═══ DATA FOR ANALYSIS ═══
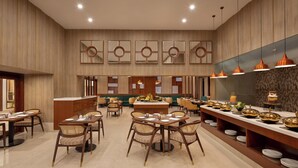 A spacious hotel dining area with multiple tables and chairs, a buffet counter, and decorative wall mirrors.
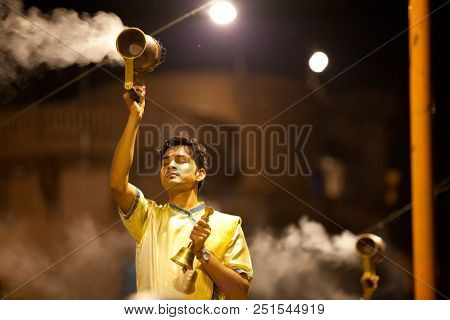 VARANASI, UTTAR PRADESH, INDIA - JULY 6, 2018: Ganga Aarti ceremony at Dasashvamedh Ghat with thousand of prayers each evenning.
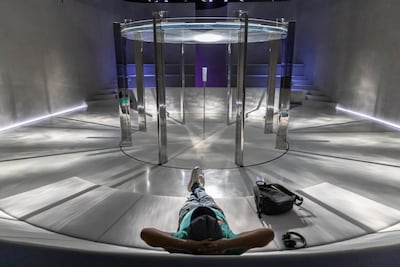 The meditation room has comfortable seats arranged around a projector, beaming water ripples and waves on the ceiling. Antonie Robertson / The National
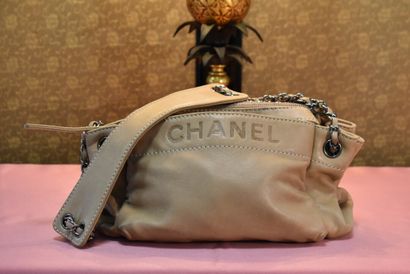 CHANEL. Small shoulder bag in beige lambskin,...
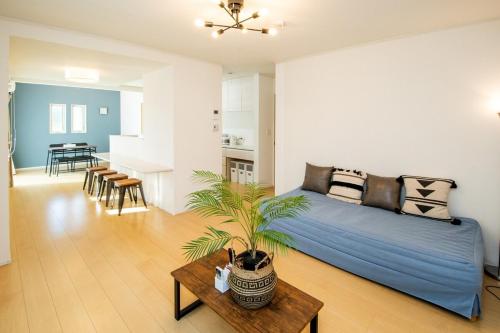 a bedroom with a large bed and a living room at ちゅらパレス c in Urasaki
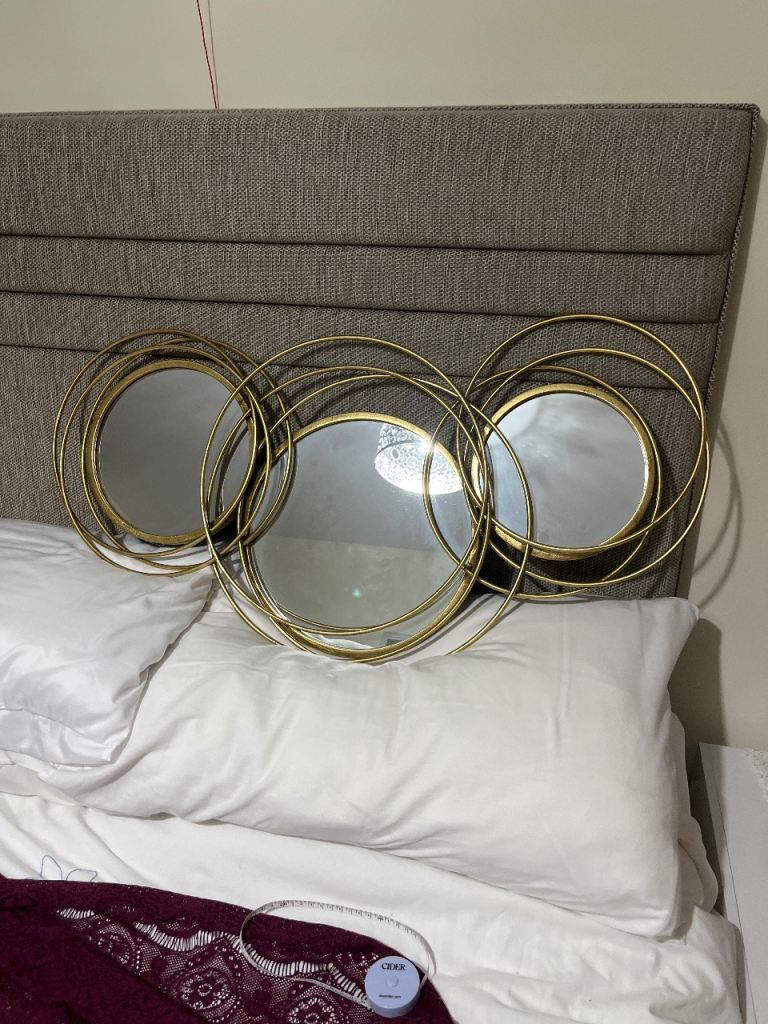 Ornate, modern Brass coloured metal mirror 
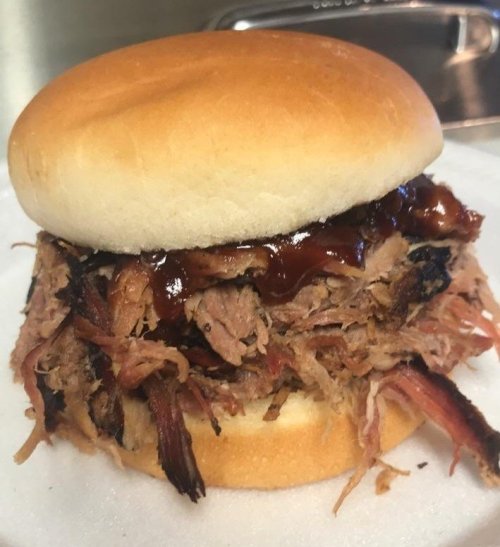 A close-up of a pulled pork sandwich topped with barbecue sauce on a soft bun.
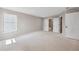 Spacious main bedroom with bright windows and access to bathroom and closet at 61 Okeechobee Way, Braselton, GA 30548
═══
═══ DATA FOR ANALYSIS ═══
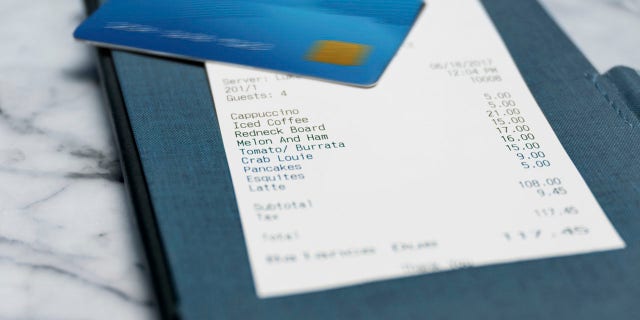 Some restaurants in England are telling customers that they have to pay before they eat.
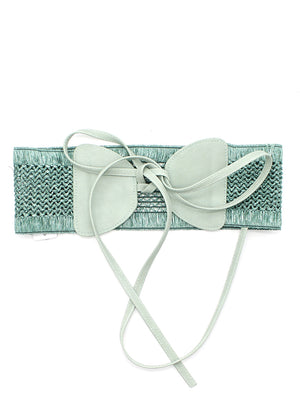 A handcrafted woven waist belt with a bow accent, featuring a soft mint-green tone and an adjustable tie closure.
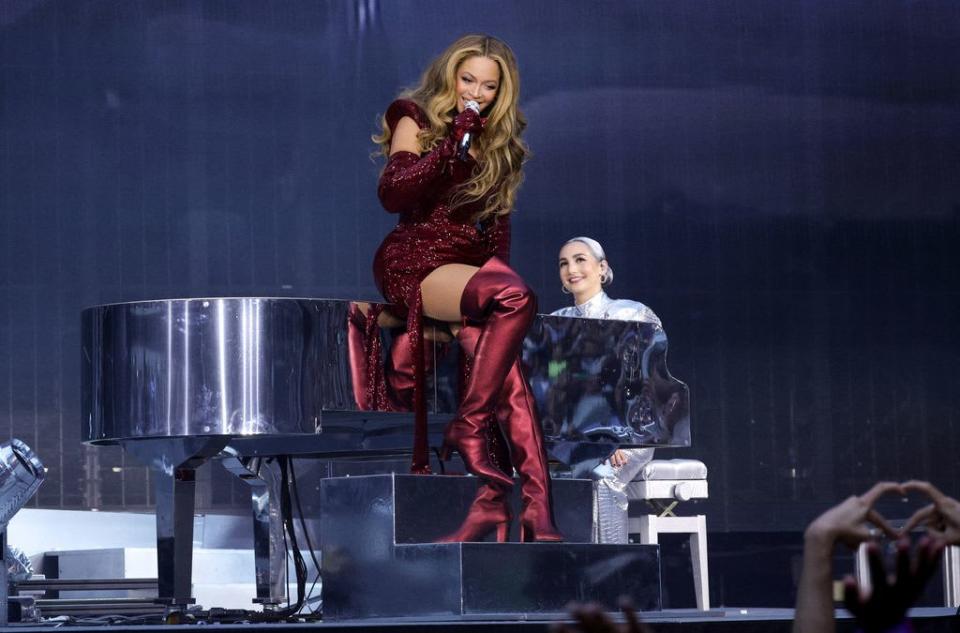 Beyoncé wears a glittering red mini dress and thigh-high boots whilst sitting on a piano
═══
═══ DATA FOR ANALYSIS ═══
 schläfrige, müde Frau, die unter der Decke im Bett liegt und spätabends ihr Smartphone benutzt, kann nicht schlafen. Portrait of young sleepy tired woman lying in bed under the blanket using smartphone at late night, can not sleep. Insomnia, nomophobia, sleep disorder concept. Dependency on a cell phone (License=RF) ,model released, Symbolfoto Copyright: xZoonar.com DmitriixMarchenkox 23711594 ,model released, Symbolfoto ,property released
═══
PROBLEM DESCRIPTION:
Within the listing above, the lines starting at the one containing "a bedroom with" and ending at the one containing "Spacious main bedroom" are to be returned exactly. Omit the pictures.

REPLY:
 a bedroom with a large bed and a living room at ちゅらパレス c in Urasaki
 Ornate, modern Brass coloured metal mirror 
 A close-up of a pulled pork sandwich topped with barbecue sauce on a soft bun.
 Spacious main bedroom with bright windows and access to bathroom and closet at 61 Okeechobee Way, Braselton, GA 30548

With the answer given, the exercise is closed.